I am reading the book listed below and I thought this page placed in start relief, our present situation.
Influenza Pandemic and Post-War Malaise '
Beginning in January, 1919, the Spanish Influenza pandemic reached Australia, killing 12,000 Australians and millions world-wide. Churches, schools and meetings were closed, and the Anzac Day marches planned for April 1919 were cancelled. Strict quarantine regulations delayed the landing of troopships and each State closed its borders in an attempt to isolate the little understood disease.12 In North Hobart, a run-down section of the Tasmanian capital, victims died in large numbers. In September 1919, local churches formed an Emergency Clothing Committee that set out to discover the extent of hardship created by the epidemic. Hobart was divided into thirteen districts, each of which was supervised by a clergyman. The Rev. E. Herbert Hobday, pastor of the Baptist Tabernacle, was in charge of North Hobart. Through visitation he discovered that almost every family in North Hobart had lost at least one member to the flu and that housing conditions were deplorable. He organised his church for action, appointing Ruby Livingstone as a full-time Sister' to work with the needy. The women and young men of the church then helped to establish the Ware Street Mission as a permanent church outpost to help the poor of North Hobart. This included both personal evangelism and advocacy of public programs to correct the conditions that bred disease.13 Even more enduring than the impact of the flu pandemic was that of the returned men on the Australian community in the 1920s. Australian historian Patsy Adam-Smith recalled her own childhood memories of the sights and smells of the maimed:
We lived in a world where men were called 'Hoppy', 'Wingy', 'Shifty', 'Gunner', 'Stumpy', 'Deafy', 'Hooky', according to whether they lost a leg, an arm (or part of one), an eye, their hearing, or had a disfigured face drawn by rough surgery into a leer ... And we listened through the thin walls when our parents came home from visiting a 'returned' uncle in hospital: 'I can't stand it. I can't go again.' It is mother. Your father's voice comes, strangled, like hers, 'You'll be alright.' 'No, but the smell. When he coughs ... and breathes out... it's ... oh, I'm going to be sick.' But she goes back next Sunday and the next until the day you go to school with a black rosette on your lapel, and the flag is flying half-mast for your Uncle Dick who was gassed.14
For some time after the war there was a shortage of ministerial candidates in the evangelical churches. This was especially true of the Methodists who gave so many of their sons to the war. Many had not returned, and a number of those who did return no longer desired to enter the ministry. Men who had been too young to serve felt the war's impact and they too were lost to the ministry. In the case of the NSW Methodists, only four candidates for the ministry presented themselves for training in 1921, and that number did This same psychological and emotional damage manifested itself in almost all returned men, including the most stable and devoutly Christian among them.
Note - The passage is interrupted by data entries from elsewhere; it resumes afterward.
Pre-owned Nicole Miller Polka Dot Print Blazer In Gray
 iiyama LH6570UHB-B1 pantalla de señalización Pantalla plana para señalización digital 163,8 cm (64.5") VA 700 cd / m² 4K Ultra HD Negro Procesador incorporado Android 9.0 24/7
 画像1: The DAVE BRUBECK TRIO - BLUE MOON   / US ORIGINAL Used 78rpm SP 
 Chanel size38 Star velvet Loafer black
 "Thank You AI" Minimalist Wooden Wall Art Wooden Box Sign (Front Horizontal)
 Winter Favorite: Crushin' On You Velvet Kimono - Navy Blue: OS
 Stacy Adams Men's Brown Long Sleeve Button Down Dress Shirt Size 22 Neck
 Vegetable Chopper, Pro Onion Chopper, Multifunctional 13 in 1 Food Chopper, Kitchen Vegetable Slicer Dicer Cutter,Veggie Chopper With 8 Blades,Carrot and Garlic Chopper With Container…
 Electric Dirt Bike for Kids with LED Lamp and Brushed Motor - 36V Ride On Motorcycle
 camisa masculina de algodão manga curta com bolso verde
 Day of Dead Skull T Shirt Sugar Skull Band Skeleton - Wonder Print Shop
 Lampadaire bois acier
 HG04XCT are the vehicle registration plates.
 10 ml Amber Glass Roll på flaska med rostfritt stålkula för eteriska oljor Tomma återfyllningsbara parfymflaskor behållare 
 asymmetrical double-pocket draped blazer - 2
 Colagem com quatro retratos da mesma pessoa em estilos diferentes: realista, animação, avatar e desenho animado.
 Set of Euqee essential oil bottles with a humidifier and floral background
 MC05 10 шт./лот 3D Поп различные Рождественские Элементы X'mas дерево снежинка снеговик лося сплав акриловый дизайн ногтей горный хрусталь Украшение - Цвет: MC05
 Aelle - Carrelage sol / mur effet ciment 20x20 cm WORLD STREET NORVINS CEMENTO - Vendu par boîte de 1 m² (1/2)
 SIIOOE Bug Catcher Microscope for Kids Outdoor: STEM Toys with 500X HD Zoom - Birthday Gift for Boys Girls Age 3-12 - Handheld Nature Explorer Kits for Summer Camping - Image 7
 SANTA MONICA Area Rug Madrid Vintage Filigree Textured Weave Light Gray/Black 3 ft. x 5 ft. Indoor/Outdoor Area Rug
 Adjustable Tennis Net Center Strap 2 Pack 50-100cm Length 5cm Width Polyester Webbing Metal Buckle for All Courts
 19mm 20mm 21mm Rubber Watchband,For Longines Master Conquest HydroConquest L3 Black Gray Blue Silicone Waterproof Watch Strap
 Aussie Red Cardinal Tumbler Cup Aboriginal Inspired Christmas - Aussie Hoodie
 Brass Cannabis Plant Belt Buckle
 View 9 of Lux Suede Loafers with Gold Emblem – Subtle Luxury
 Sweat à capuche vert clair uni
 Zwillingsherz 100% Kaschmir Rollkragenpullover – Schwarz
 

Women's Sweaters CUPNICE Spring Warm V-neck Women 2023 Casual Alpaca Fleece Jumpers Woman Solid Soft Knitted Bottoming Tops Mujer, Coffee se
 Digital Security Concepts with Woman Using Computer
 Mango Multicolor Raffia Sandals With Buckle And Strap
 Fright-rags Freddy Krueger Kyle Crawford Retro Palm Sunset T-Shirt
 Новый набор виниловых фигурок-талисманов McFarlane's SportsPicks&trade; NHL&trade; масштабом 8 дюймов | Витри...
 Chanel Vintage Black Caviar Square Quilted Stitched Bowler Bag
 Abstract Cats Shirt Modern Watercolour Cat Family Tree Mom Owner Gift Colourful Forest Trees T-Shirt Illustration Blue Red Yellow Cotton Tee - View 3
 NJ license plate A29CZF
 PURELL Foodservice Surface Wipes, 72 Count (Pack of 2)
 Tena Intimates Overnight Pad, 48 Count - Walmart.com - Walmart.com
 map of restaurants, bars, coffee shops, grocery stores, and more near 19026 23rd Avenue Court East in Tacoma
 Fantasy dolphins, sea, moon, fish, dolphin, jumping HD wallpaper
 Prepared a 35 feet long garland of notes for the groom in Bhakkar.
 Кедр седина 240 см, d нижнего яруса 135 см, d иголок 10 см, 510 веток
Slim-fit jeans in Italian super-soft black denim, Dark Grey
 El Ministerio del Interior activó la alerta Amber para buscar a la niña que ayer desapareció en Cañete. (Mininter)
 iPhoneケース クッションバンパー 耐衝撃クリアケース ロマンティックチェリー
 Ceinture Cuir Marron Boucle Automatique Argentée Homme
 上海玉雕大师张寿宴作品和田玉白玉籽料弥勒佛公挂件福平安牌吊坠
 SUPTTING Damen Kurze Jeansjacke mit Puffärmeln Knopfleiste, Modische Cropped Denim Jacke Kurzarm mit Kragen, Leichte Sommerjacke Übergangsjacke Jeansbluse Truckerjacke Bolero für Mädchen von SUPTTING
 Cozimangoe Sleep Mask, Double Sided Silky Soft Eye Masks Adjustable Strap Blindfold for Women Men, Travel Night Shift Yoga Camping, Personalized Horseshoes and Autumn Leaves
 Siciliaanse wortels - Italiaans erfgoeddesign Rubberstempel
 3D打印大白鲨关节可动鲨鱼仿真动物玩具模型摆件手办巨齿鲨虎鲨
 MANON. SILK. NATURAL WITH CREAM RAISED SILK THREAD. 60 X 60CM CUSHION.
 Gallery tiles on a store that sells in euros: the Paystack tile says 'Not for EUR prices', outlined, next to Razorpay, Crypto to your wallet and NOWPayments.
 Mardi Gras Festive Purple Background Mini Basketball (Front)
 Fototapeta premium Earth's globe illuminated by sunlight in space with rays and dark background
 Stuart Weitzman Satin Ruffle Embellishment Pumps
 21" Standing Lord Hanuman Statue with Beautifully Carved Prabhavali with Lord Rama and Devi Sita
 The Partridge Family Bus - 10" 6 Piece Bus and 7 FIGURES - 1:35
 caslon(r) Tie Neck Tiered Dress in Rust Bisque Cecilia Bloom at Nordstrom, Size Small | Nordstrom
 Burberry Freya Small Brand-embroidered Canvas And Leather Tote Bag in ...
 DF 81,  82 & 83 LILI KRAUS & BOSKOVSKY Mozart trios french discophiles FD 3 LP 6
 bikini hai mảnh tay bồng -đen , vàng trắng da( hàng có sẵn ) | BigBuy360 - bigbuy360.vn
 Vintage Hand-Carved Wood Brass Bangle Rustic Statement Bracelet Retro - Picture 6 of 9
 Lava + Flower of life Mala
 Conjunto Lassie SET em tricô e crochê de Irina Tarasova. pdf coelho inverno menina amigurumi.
From “Attending to the National Soul” Piggin and Lidner 2020 Monash University Press. (I edited out the list of references for brevity on the net)
Remember no modern heath care, no vaccines, no payouts to ease the burden, no modern housing. 400,000 went to WWi, 60,000 died, 230,000 of those who returned were maimed and injured maimed and injured, only to face this pandemic. Only answer Lockdowns, and minimise the spread as much as possible.
Think carefully on what we perceive as disadvantage.